Parecía ser que en 1952, el por aquel entonces joven Ivan Mélnikov, junto con otros colaboradores, había descubierto algo tremendamente peligroso para la Unión Soviética. Esa fue la razón por la que el temido jefe de la policía secreta, Lavrenti Beria, decidió borrar cualquier rastro de la existencia del Instituto de los Mundos Paralelos. Él mismo se encargó de dirigir una implacable persecución contra todos sus integrantes. De hecho, mandó ejecutar a dieciocho investigadores y deportó a cincuenta y nueve doctores en física del Instituto de Investigación a los espantosos campos de concentración de Siberia.

No escuché la noticia entera gracias a que, por fin, mi hermana abrió la puerta y pude entrar en el cuarto de baño. Como siempre, mi vista tropezó con el maldito frasco de colonia situado en la repisa del espejo. Me recordaba que Paula, la chica más increíble del instituto y de la que estaba enamorado desde la primera vez que la vi, nunca me haría caso. Si ella supiera el complicado proceso que ideé para que el frasco llegara allí, por lo menos me habría dirigido una sonrisa.

Como es fácil de suponer, resultaba impensable que mi familia supiera que había comprado colonia para una chica. ¿Os imagináis los comentarios de mis padres? ¿Y el cachondeo que se traería mi hermana pequeña? Se imponía, por tanto, una treta. Gastando una buena cantidad de dinero, compré un frasco de colonia que estaba de moda y se lo regalé a mi padre el día de su cumpleaños.

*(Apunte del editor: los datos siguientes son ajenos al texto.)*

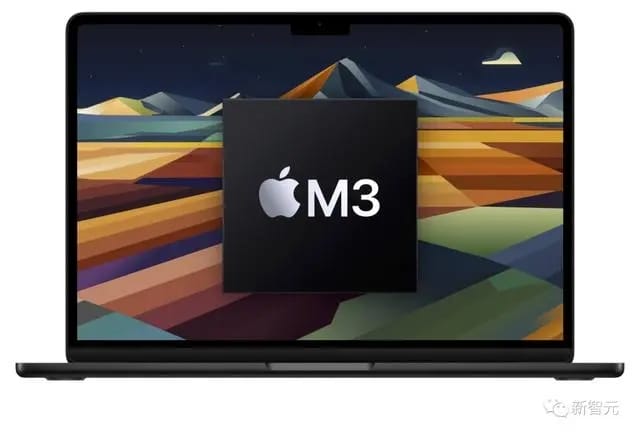 首款M3 Mac十月来！3nm工艺性能炸裂，iPhone15系列最新爆料汇总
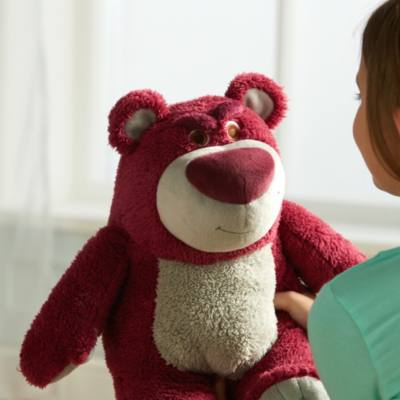 Disney Store Peluche moyenne Lotso, Toy Story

Hay que decir que mi padre nunca utilizaba colonia. Es más, mi padre había comentado más de una vez que para qué necesitaba colonia un hombre, si la loción para después del afeitado llevaba perfume. Tanto es así que la colonia que mi madre le había regalado en alguna ocasión, había acabado siendo utilizada como desinfectante para curar pequeñas heridas.

Mi padre me agradeció muchísimo el detalle, pero no se planteó ni remotamente echarse ni una gota de colonia. Pasaron varios días, hasta que un domingo por la tarde me mostré muy apenado delante de mi madre.

—¿Qué te pasa Sergio, que te veo muy abatido?

—De verdad, mamá, no es nada importante —le contesté mirándole a los ojos con mi expresión más triste.

—Tú cuéntamelo y te aseguro que te sentirás mejor.

—Ahorré mucho para comprarle a papá el frasco de colonia y no lo ha abierto todavía. ¿Tú crees que me sigue queriendo?

Por supuesto, mi padre al día siguiente por la mañana, en contra de sus principios más acendrados, se echó colonia para que su hijo no se sintiera menospreciado ni frustrado. Para que quedara constancia de ello, mientras desayunaba en la cocina, se acercó a mí para darme un beso con el fin de que lo oliera, a la vez que me comentaba que había acertado con el regalo. Momento que aproveché para darle unas palmadas en el hombro y, con una sonrisa irónica, comentarle:

—Papi, hueles como una flor de primavera. Seguro que causarás sensación entre tus compañeros de trabajo.

Mi padre, que algo se barruntó, salió disparado de la cocina y apareció poco después con el bote de colonia en la mano. Enseguida se montó una persecución alrededor de la mesa, yo delante y mi padre detrás, hasta que, por fin, entre risas, me roció de colonia. El objetivo de mi plan había sido cumplido. Había conseguido salir de casa perfumado sin que nadie de mi familia sospechara nada.